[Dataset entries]
-=-=-=-=-

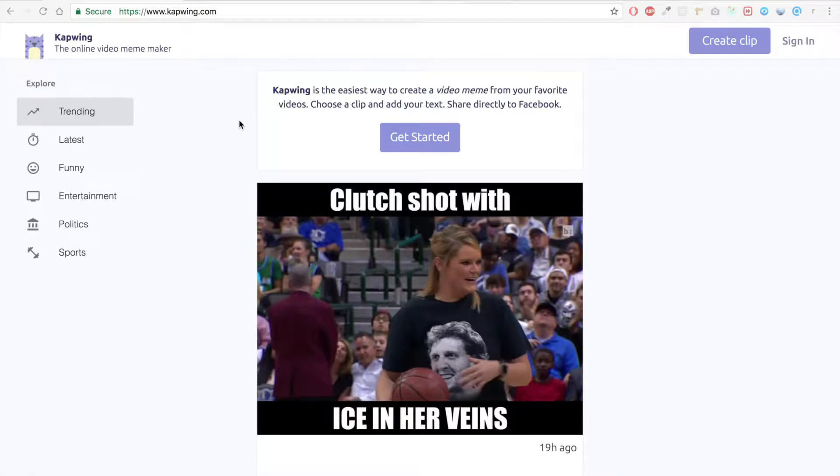What's up YouTube? In this video I'm gonna show you how to burn captions directly into your video with Kapwing.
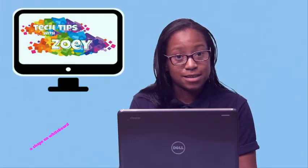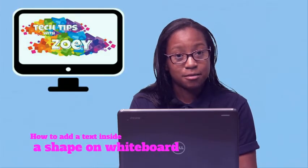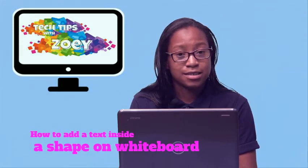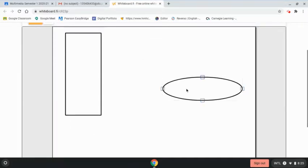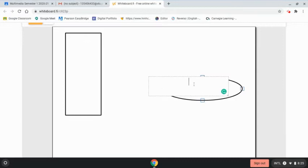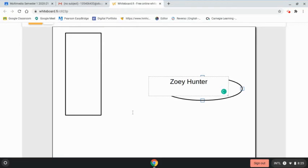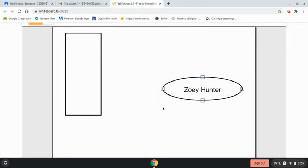Hey guys, welcome back to a new Tech Tip. Today I'm going to show you how to add text in a shape. Go to your shapes and double click it. Once you do that, a box will show up and you can type in it. Then press on the outside of the box and your text will show up in there.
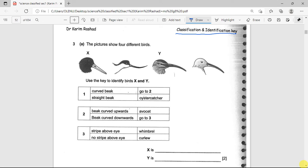Another example of the dichotomous key: the picture shows four different birds. Use the key to identify birds X and Y. Bird Y has a curved beak — go to step two. The beak is curved downward — go to step three. It has a stripe above the eye, so the name for organism Y is Whimbrel. Bird X has a straight beak, so it is an Oystercatcher.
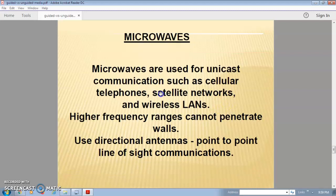Microwaves use unicast, one-to-one, point-to-point communication. We use a directional antenna for microwaves. Applications include cellular devices, wireless LANs, and satellite networks.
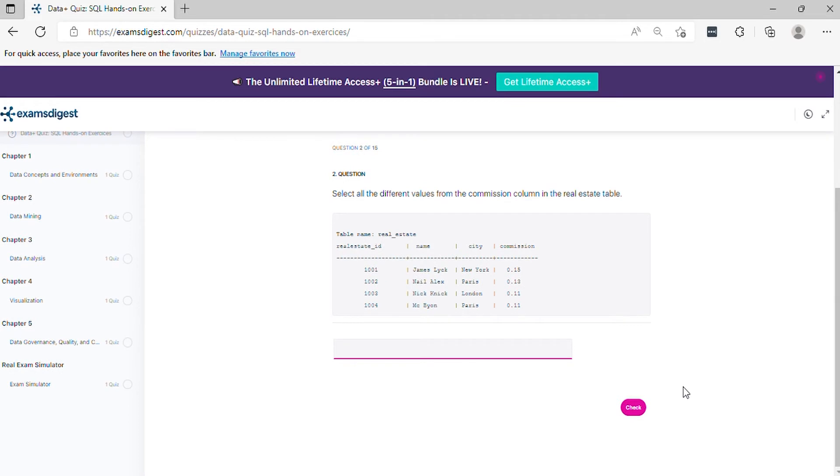Question 2. Select all the different values from the commission column in the real estate table.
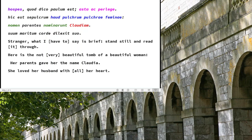Her parents, unnamed, gave her the name. Look at the polyptoton — the playing around with the word 'nominare,' to give a name, and 'nomen,' the word name. These words are cognate, clearly related, and that emphasises the message: her name. Her name is the first word, 'nomen,' and then the last word of the line, 'Claudia,' both in emphatic positions. 'Nomen' and 'Claudia' — balanced at the beginning and the end of the line.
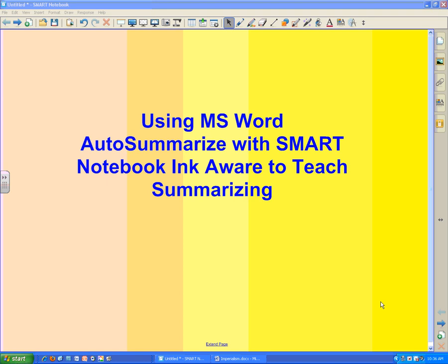This is a short demonstration about using the auto-summarize feature in Microsoft Word with your Smart Notebook and InkAware to teach summarizing.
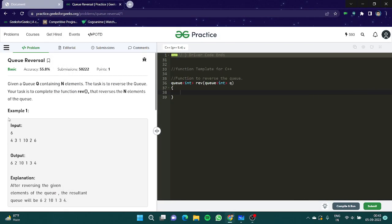Hello everyone and welcome you all to another video of our queue series. In this video we are going to learn about queue reversing.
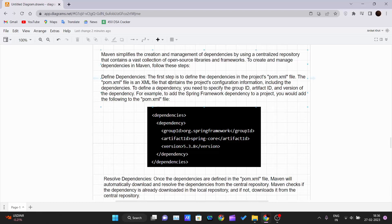The pom.xml is an XML file that contains the project configuration information, including the dependencies and the web project configuration. To define a dependency, you need to specify the group ID, the artifact ID, and the version. For example, to add the Spring Framework dependency to your project, you need to add the corresponding entries to your pom.xml.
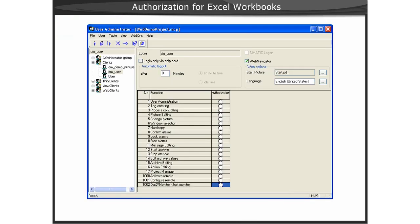When using Excel workbooks, whether the workbooks are being used locally or over the web remotely, a WinCC user must exist in order to access the online data. The user only needs to be added to WinCC. There are no special authorizations required for the user.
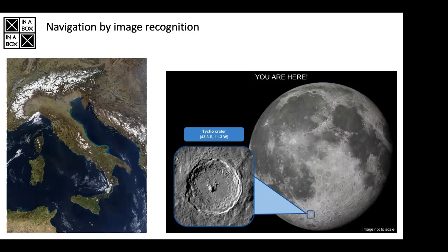For example, there's Morehead State University in Eastern Kentucky — they've built a 6U satellite called Lunar Ice Cube that's going to look for ice around the Moon. That could be interesting if they not only look for ice but also build a navigation system based on image recognition. That's another example of combining images with onboard machine learning or AI to do the image recognition.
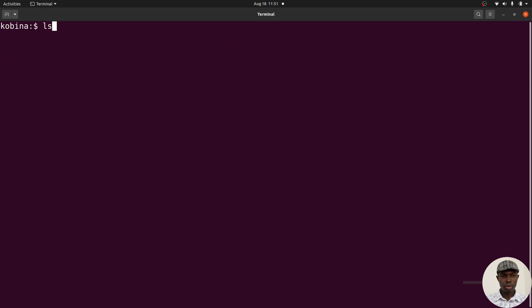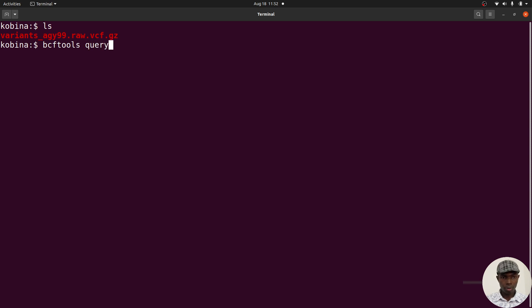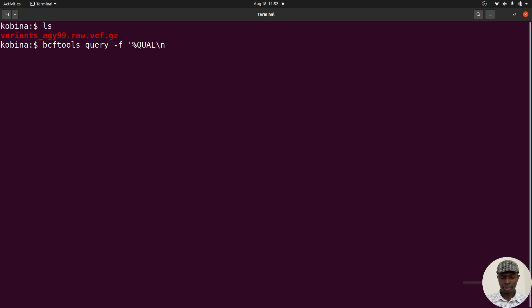The download is done — it's a small file. Running ls you'll find it there. Before we filter, let's do a small query to check that the quality field is populated. I'll use: bcftools query -f '%QUAL\n' followed by the filename. Let me refine that — bring the -f flag, open quotes, use the percent sign with QUAL, add a newline \n, close quotes, and supply the file. Let's execute this command.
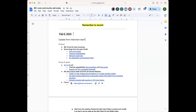Welcome to the community call. Today, apart from the regular updates from the teams, we're also going to have Bo giving us a presentation about the interoperability hub. Let's try to go through the updates in maybe 25 minutes so we have enough time for the presentation and discussion.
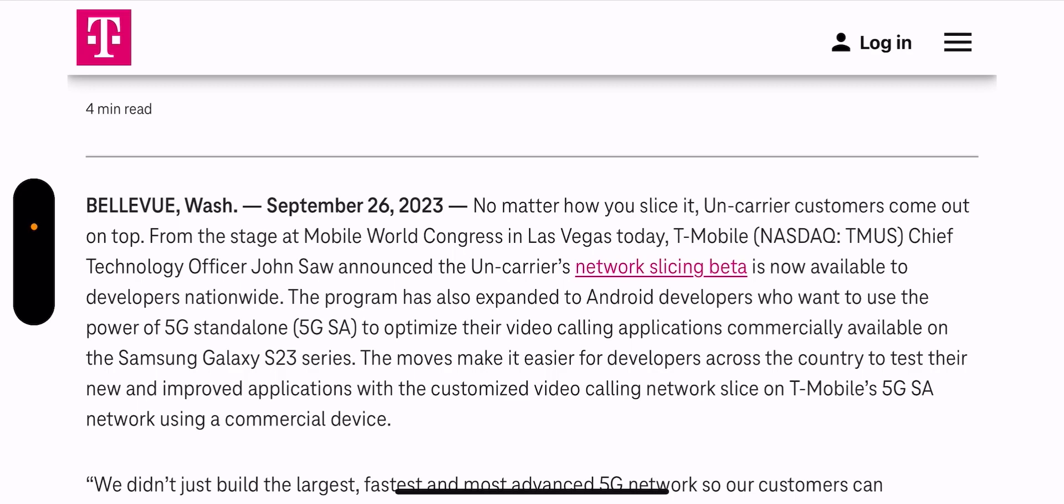T-Mobile Chief Technology Officer John Saw announced the Uncarrier's network slicing beta is now available to developers nationwide.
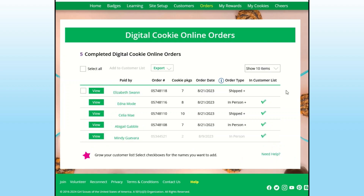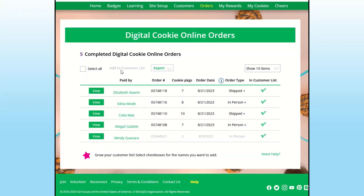If the customer is not already added to your customers list, you can click the box next to her name and click add to customer list. Now the customer will be added to your list, so you can easily send thank you emails and ask them to purchase cookies again next year.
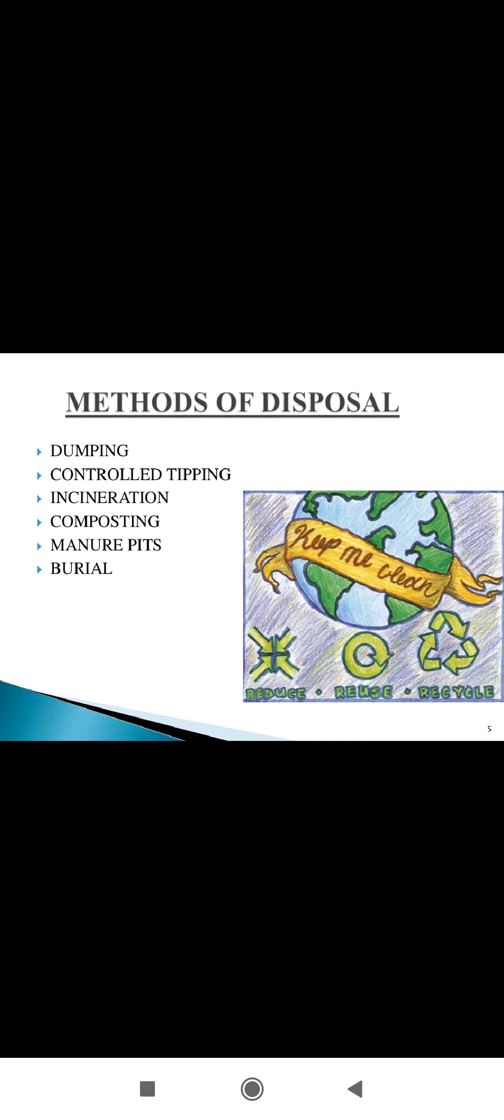Next is incineration. Incineration means combusting the organic substances contained in waste materials, converting the waste into ash, flue gas, and heat.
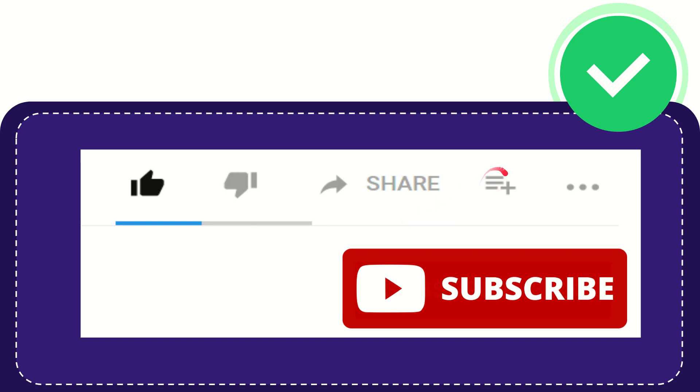And if you want to add this video to your playlist, you can click this one. You can watch this video later, and you can find more options by clicking these three dots.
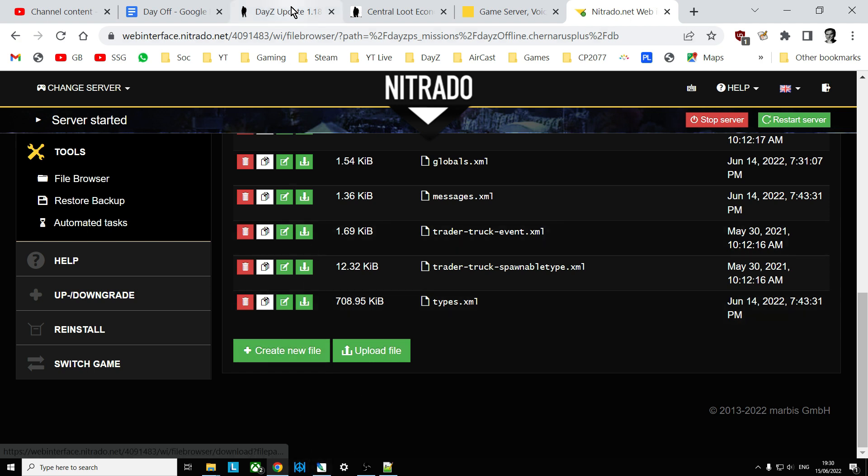And that, my friends, is it. That is how you add more of the plastic explosive and the remote detonator and the protector case to your DayZ community server for PC, PlayStation, or Xbox. Hopefully, you found the video useful. If you have, like. If you want to see more of the same, press subscribe. And I will, of course, see you again soon.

-=-=-=-=-

▶ _Task requirements_: Using the data above, copy exactly the lines from the one containing "Another example of the" to the one containing "This is a short", inclusive. Exclude the pictures.

▶ _Result of the task_:
Another example of the dichotomous key: the picture shows four different birds. Use the key to identify birds X and Y. Bird Y has a curved beak — go to step two. The beak is curved downward — go to step three. It has a stripe above the eye, so the name for organism Y is Whimbrel. Bird X has a straight beak, so it is an Oystercatcher.
Microwaves use unicast, one-to-one, point-to-point communication. We use a directional antenna for microwaves. Applications include cellular devices, wireless LANs, and satellite networks.
Question 2. Select all the different values from the commission column in the real estate table.
Her parents, unnamed, gave her the name. Look at the polyptoton — the playing around with the word 'nominare,' to give a name, and 'nomen,' the word name. These words are cognate, clearly related, and that emphasises the message: her name. Her name is the first word, 'nomen,' and then the last word of the line, 'Claudia,' both in emphatic positions. 'Nomen' and 'Claudia' — balanced at the beginning and the end of the line.
This is a short demonstration about using the auto-summarize feature in Microsoft Word with your Smart Notebook and InkAware to teach summarizing.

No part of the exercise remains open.